Snow White and The Huntsman


Pamuk prenses ve yedi.. yok altı cüceler. Bide avcı var tabi.. bide dükün yakışıklı oğlu...öhöm höm höm
Uzuuuun zaman önce bir ülkede güzel bir kraliçe ve yakışıklı bir kral yaşarmış. Bir kızları olmuş ve ona Pamuk adını vermişler. Kedi sanki. Gel buraya pamuk, koltukları tırmalama! Herneyse Kraliçe çok soğuk geçen bir kış hastalanmış ve ölmüş. Kral da bir savaşta esir olarak bulduğu (esir mesir yalan ya cadı kraliçenin oyunları hepsi) bir kadının güzelliğine kapılıp evlenmiş. Yeni Kraliçe, Kralı öldürmüş ve Pamuk'u kulenin tekine hapsedip ölümsüz güzelliğiyle ülkeyi acımasızca yönetmeye başlamıııış.

Prenses bir gün kuleden kaçmış, peşine avcının tekini takmışlar. Avcı prensesi yakalamış ama son dakika taraf değiştirip prensese yardım etmeye başlamış. (Aslında aşık ama çaktırmıyo) Sonra prensesin çocukluk arkadaşı da prensesi aramaya çıkmış falan. Bisürü savaş gerilim bilmemne sonunda kraliçe ölüyor. Bla bla.

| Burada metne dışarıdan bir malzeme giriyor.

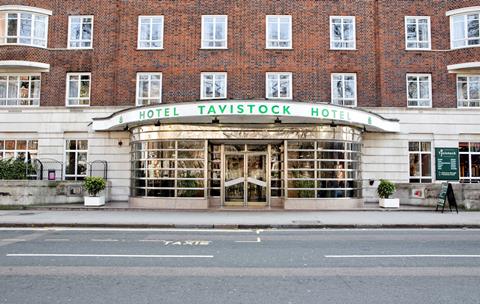 Tavistock vanaf €,-!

Kristen Stewart diyince akla direk Alacakaranlık Serisi geliyor. Saçma sapan vejeteryan vampirler, yok dişiler kurt olamaz, 50 yaşında gösterip vampire döndüğünde 17 olduğunu iddia eden tipsiz vampir Edward, Salak insan kız Bella falan. Iyy. Ama bu film öyle değil. Yani en azından erkeklerde biraz tip olduğu için ve film Alacakaranlık Serisi'ne göre daha kaliteli olduğu için Kristen Stewart'ı sevmeye bile başladım. Gerçi moron hareketlerini bu filmde de sürdürmüş ama avcıya bakmaktan prensese pek dikkat edemedim şahsen. *ağzının suyu akar*

Baymayan bir filmdi. Avcı yakışıklıydı. Mısır kötüydü.